Possibly this is no more than the sour grapes of one sadly deficient in the vaunted good looks and public-school charm that Chatwin so stridently claimed for himself, but since I never met the man, this him must be that of the narrator, the self-crafted voice that emerges through the books. I always half-hoped there would be the same enormous disparity between author and person that one finds in the case of Evelyn Waugh - only reversed - so that Chatwin, the person, would be altogether of a finer timber than Chatwin, the author.

Shakespeare's biography demonstrates irreproachably that this is just not so. Indeed, his chief difficulty in this otherwise elegantly impeccable work is the initial presumption that, despite the facts he assembles, Chatwin must be seen as a redeemed creature. People who actually met him seem to have been, in every sense, seduced, but the cold data as assembled by Shakespeare, counsel for the defence, seem quite damning.

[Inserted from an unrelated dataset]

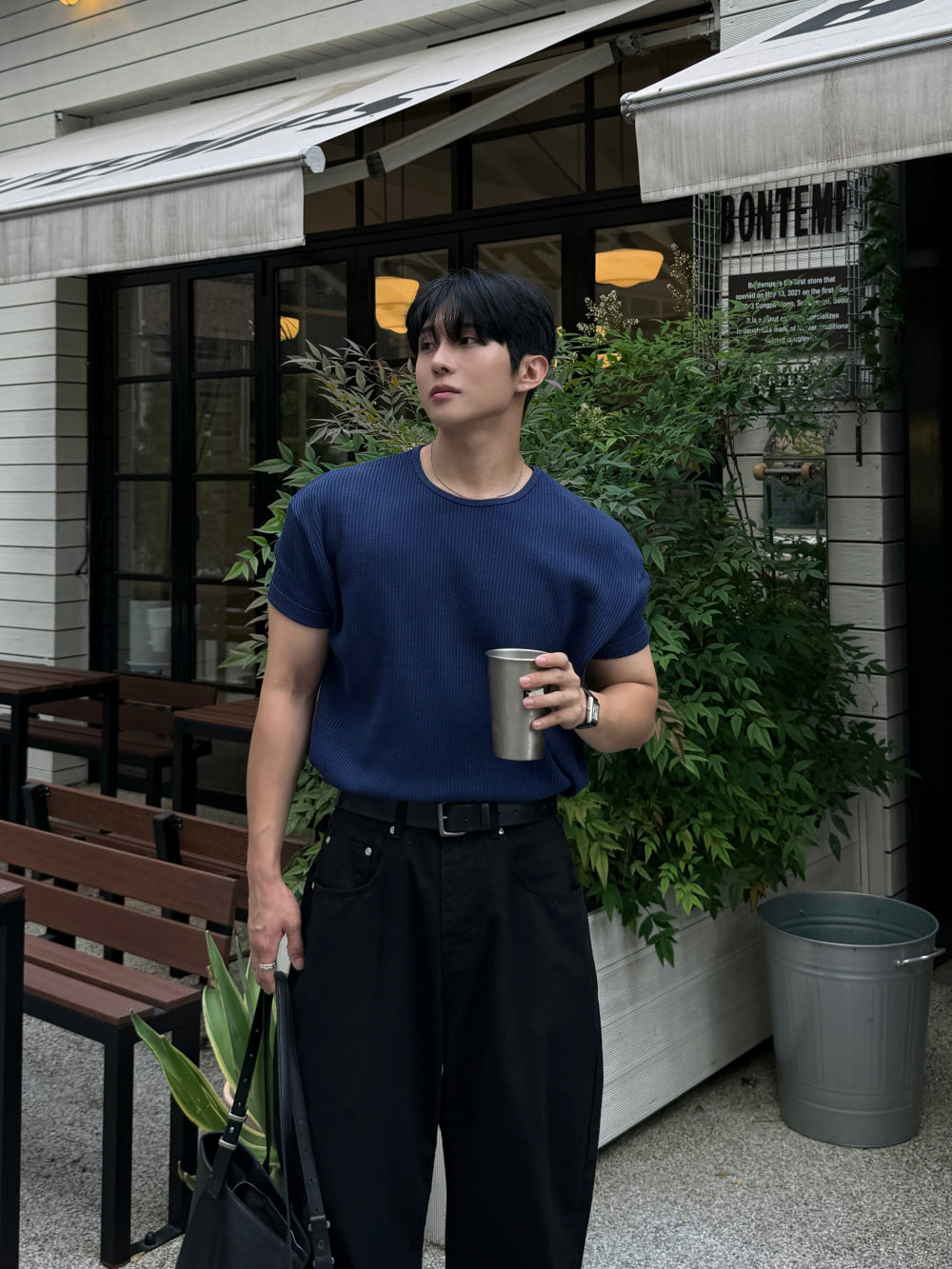 華夫格 短版 合身 上衣 / 7色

It is a very big book to act as the tailpiece for such a slim oeuvre. Had Shakespeare - the other one - lived to be a manic octogenarian there would have been generous space here to cover his doings, but then Shakespeare - this one - does take us back, quite literally, to the Domesday Book in an effort to trace Chatwin to his roots. And this is only part of a Chatwin spin-off yet to come. The archive of private papers is gravely deposited at the Bodleian Library, no less, and still inaccessible. Here is a Gulliver's world of wild disproportion, enormously overstating the importance of Chatwin even within the teacup of travel writing. We are privileged to be present at the birth of a myth.

Shakespeare is a meticulous and thoroughly agreeable biographer with an eye for the bon mot and the telling anecdote, though somewhat burdened by a wearying Chatwinesque need to make simply everything quite desperately colourful. His constant and despairing task is to try to untangle real events from Chatwin's constant preposterous reinvention, and so it is with a strong leavening of dull factuality that he leads us from the youthful encounter with the family Wunderkammer , kindling to the fire of Chatwin's imagination, and through an undistinguished public-school childhood.

The pace picks up when Chatwin arrives in the flamboyant world of the art auction house, where his fake connoisseurship and pert rump are rewarded with swift and effortless success. Any contemporary biographer is held to have fallen down on the job unless he details the sexual life of his subject and Chatwin, hesitantly then self-declaredly, always itchily, omnifutuant, offers rich material that finally becomes simply a list and threatens to dominate the book. "He's out to seduce everybody, it doesn't matter whether you are male, female, an ocelot or a tea cosy," says a friend.

Necessarily, Shakespeare seeks to make Chatwin's sexuality a complex thing and a great key to Chatwin's role as voyeur, ie writer, yet the secret of his generous sexuality seems, paradoxically, to have been its extreme selfishness and shallowness, a sort of nomadic exploitativeness. Typically, the truth was a mere canvas to be embroidered so that sexually, as elsewhere, Chatwin was all mouth and quite a lot of trousers - as when he "saved" the Somerset Maugham impressionist sale for Sotheby's by allowing the old man a little judicious fumbling, a humiliating incident that Shakespeare uses to drive Chatwin to both fiction and action.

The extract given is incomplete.